99 Prozent aller Deutschen versteuern ihre Einnahmen korrekt. Das ist aber langweilig, da redet keiner drüber. Schon das Wort Exzess ist doch eine ungerechtfertigte Wertung. Man sollte nicht 17.000 Aktiengesellschaften für Ausreißer in einer Handvoll Fällen in Mithaftung nehmen. Die Bewertung der Angemessenheit der Bezüge ist Aufgabe der Eigentümer, bei einer AG also der Aktionäre – oder des Aufsichtsrats, der ihre Interessen vertritt. Das sind in der Regel sehr verantwortungsvolle Akteure und keine Kungelrunden, wie Rainer Brüderle meint.
Sollte Maßhalten nicht doch wieder eine größere Rolle spielen?

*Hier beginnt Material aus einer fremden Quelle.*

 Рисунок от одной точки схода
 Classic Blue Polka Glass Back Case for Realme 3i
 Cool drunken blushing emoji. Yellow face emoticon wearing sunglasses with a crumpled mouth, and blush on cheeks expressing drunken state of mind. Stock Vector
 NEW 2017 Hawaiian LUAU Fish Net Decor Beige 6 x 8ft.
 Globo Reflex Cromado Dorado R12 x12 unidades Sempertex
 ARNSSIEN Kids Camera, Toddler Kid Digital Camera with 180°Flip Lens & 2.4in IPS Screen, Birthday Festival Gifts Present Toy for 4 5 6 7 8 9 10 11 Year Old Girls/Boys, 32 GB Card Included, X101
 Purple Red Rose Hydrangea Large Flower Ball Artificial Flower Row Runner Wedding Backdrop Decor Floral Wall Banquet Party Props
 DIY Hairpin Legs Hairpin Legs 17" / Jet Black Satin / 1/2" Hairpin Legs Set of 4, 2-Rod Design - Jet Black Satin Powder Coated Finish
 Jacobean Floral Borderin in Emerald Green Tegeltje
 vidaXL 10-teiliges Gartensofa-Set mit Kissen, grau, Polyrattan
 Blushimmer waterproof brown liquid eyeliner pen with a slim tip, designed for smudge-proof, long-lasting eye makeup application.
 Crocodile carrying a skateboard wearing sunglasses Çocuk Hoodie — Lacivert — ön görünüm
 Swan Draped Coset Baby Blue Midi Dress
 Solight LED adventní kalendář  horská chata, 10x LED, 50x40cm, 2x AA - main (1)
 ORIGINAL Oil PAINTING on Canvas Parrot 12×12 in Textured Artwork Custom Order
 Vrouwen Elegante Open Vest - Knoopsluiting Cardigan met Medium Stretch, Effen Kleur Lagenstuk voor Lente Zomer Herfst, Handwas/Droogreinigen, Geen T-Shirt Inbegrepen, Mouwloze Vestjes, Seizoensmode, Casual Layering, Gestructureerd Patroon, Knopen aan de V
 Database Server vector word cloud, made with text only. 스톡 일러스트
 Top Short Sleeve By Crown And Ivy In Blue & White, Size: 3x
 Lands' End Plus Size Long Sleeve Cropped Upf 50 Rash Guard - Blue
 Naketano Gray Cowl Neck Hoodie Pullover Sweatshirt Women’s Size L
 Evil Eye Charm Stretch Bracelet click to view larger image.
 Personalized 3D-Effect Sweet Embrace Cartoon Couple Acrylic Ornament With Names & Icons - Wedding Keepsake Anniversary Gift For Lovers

Was ist denn bitte angemessen – das 23-Fache oder das 54-Fache oder das 80-Fache des Durchschnitts-Arbeitnehmers? Allein bei Bayern München gibt es mehr Spieler als Vorstände im gesamten Dax, die über zehn Millionen Euro verdienen. Da kritisiert auch niemand, wenn Herr Schweinsteiger das vielleicht 200- Fache des Platzwartes verdient.
Warum zieht dann Herr Schweinsteiger im Gegensatz zu Herrn Winterkorn keinen Neid auf sich?
Weil man dessen Leistung einfacher beurteilen kann. Tor oder kein Tor, das versteht jeder. Neid führt uns nicht weiter.